Please provide complete information as applicable to your setup.
• Hardware Platform (Jetson / GPU) GPU • DeepStream Version 5.1 • JetPack Version (valid for Jetson only) • TensorRT Version 7.2 • NVIDIA GPU Driver Version (valid for GPU only) 460.80 • Issue Type( questions, new requirements, bugs) Question • How to reproduce the issue ? (This is for bugs. Including which sample app is using, the configuration files content, the command line used and other details for reproducing)

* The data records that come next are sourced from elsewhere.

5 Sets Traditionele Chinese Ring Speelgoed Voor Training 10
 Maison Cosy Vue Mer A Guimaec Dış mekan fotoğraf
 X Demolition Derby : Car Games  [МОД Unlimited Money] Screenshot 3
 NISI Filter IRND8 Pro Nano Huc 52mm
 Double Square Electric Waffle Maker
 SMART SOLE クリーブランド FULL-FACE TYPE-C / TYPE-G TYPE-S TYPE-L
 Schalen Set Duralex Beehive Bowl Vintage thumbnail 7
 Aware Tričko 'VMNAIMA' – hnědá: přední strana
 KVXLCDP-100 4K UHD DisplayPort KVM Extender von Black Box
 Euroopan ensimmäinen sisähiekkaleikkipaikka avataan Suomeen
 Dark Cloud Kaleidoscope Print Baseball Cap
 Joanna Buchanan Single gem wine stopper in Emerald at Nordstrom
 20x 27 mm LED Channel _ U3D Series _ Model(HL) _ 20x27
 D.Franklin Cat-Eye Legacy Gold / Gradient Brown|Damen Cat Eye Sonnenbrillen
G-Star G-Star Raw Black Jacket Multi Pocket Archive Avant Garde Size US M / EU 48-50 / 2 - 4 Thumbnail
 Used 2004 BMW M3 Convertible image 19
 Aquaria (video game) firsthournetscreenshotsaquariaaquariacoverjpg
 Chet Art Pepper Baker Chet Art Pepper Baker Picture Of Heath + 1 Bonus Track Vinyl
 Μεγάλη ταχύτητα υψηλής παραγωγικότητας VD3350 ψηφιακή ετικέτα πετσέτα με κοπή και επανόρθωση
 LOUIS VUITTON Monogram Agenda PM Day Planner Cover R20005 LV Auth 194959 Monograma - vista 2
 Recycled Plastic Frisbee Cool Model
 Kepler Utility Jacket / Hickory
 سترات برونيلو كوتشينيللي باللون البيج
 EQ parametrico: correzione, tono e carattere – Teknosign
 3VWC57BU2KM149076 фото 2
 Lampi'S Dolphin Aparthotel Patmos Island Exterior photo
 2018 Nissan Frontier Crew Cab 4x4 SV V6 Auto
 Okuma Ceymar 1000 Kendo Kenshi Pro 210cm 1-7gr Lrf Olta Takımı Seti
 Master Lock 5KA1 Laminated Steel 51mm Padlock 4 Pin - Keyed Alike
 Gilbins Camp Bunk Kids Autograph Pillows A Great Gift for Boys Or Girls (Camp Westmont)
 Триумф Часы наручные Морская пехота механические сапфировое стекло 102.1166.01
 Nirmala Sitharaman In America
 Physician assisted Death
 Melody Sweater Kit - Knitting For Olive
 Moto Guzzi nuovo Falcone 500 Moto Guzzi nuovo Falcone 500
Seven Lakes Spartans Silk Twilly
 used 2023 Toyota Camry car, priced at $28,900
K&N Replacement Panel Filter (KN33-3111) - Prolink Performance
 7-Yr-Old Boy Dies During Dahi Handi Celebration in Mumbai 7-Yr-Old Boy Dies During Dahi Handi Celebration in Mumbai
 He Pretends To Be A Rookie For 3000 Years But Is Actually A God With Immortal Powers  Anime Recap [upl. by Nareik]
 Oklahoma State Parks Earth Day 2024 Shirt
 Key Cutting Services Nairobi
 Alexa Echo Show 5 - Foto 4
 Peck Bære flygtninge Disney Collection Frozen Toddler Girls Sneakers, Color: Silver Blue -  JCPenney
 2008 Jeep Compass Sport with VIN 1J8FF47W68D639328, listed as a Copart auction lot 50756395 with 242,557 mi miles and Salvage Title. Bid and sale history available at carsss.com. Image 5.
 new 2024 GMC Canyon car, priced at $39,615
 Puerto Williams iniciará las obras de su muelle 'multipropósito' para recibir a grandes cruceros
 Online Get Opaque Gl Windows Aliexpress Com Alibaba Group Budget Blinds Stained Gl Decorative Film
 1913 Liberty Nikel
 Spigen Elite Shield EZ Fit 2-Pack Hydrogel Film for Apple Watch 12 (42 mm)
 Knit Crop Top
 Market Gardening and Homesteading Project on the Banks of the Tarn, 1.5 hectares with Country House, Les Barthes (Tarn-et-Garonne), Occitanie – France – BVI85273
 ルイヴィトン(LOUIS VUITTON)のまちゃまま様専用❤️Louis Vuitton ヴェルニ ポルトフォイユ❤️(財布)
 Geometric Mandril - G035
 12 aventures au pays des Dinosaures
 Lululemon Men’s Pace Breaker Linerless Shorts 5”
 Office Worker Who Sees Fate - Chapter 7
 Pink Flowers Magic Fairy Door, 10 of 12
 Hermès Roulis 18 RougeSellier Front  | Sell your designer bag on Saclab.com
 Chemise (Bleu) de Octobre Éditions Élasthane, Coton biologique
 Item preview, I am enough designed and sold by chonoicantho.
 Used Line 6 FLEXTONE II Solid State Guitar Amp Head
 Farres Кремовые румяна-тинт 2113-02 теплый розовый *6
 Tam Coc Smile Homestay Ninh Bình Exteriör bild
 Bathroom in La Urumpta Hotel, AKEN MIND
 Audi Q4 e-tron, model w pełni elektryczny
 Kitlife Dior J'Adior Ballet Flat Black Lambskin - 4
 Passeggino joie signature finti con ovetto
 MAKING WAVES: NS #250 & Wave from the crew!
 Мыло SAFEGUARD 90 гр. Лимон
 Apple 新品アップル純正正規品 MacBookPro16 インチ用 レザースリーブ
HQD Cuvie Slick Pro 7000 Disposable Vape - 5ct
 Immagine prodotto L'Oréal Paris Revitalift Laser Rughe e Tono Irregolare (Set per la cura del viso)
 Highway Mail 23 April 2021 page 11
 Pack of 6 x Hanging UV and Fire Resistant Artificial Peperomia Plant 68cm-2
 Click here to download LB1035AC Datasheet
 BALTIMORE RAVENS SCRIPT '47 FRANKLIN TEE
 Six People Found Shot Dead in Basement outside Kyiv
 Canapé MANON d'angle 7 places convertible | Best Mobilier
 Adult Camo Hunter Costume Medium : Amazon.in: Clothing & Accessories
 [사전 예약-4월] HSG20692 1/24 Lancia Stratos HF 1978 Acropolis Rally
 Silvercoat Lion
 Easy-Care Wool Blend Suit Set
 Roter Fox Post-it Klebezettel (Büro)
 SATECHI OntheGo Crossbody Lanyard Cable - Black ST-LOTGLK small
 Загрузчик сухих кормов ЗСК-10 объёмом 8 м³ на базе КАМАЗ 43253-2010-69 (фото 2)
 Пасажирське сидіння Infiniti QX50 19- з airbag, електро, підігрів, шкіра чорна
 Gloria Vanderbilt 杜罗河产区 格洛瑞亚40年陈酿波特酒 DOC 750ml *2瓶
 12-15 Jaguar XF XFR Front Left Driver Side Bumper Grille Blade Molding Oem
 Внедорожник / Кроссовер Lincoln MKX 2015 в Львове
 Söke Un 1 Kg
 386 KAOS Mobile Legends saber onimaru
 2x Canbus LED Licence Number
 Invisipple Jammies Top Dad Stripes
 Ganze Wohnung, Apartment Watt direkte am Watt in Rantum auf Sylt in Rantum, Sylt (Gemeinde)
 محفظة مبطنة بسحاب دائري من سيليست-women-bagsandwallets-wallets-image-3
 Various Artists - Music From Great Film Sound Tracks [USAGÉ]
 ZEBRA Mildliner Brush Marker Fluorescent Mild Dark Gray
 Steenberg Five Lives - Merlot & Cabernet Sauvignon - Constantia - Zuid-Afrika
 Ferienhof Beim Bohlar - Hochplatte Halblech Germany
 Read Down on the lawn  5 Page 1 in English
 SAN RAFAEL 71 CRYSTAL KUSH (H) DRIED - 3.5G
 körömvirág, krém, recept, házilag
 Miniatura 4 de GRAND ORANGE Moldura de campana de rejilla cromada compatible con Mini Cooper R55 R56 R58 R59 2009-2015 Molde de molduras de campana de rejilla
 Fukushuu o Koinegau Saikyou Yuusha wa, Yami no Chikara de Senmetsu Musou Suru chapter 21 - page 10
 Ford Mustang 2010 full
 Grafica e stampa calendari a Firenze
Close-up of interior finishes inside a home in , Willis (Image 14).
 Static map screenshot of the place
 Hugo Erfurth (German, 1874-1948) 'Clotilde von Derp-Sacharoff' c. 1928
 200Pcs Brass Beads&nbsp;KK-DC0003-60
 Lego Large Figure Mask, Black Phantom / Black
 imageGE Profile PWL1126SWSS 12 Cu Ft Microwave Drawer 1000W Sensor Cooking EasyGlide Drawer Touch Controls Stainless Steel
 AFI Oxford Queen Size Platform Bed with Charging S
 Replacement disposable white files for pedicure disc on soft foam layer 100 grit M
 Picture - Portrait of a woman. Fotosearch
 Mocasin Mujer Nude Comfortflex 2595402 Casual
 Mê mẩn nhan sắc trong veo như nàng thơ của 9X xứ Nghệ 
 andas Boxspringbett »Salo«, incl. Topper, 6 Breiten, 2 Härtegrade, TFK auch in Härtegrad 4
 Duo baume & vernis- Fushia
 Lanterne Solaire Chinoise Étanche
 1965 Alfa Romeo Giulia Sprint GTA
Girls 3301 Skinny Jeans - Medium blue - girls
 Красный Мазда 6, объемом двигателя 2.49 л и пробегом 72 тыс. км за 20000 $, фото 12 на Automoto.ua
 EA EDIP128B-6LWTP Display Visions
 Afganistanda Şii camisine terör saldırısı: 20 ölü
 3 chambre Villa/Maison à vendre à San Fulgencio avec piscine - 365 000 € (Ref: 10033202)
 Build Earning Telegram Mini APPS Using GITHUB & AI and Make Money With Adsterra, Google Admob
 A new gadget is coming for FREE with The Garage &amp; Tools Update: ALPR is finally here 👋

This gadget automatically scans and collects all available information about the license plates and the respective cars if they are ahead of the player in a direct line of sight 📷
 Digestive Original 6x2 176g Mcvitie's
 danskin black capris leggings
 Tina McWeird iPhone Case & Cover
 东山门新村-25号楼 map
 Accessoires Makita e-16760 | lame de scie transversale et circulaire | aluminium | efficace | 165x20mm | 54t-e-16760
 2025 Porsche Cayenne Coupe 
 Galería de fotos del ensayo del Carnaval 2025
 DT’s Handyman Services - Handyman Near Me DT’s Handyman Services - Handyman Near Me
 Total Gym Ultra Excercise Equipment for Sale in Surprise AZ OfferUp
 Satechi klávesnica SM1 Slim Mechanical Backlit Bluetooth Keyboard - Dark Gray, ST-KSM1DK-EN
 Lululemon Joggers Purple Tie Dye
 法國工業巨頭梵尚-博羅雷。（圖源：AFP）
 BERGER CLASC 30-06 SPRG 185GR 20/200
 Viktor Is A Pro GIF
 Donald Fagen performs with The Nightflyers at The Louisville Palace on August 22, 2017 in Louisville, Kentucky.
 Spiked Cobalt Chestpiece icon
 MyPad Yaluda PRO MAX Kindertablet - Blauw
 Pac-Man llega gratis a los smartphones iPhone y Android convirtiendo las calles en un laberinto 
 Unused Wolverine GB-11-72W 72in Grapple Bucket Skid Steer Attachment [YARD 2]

I am running peoplenet directly out of the 5.1-21.02-devel container using the included deepstream_app_source1_peoplenet.txt. On our test videos, we have found that using the int8 quantized model over fp16 only yields about a 10% increase in fps on a single stream. This seems low but perhaps my expectations are incorrect - I was expecting a much bigger performance increase for int8. I have the following questions:
Is this the expected performance increase for fp16 vs int8 on a single stream? If not, how much is expected?
If so, is there a bigger performance increase to be expected from batching? If so, how much?
I am including my pgie configuration for int8 below for diagnostic purposes. In the fp16 setting, I am using the default config_infer_primary_peoplenet.txt included in the container with the fp16 pruned model. For int8, I am using the below config with the quantized pruned model.
From the log, INT8 infer time (mean: 0.829047 ms) is much shorter than fp16 infer time (mean: 1.32287 ms), at least, with int8, the infer time is improved much higher than 10%.
So, I think, why you only got 10% improvement with INT8 is because the infer time is very small part of the whole pipeline, and the time of the other part, e.g. decoding, pre-&post-processing, are not changes, so you get less perf improvement with INT8.
Could you increase the “batch-size”, e.g. batch-size=10 and check the fps of INT8 and FP16?
With batch size = 10 I see a much a bigger difference in the TRT results.
int8 = 4.84358 ms mean
fp16 = 9.39056 ms mean
However, when I run the actual deepstream pipeline with 10 streams, the performance of fp16 and int8 is almost identical - no difference at all. This indicates that you are correct and there is probably some bottleneck in the pipeline, but I’m not sure where it could be. I have disabled everything except the source, the streammux, and the nvinfer element.
please replace “type=2” to “type=1” to let the pipeline “free run”, otherwise, with “type=2”, pipeline will be always sync-ed by display/EglSink with a fixed frequency, e.g. 60fps.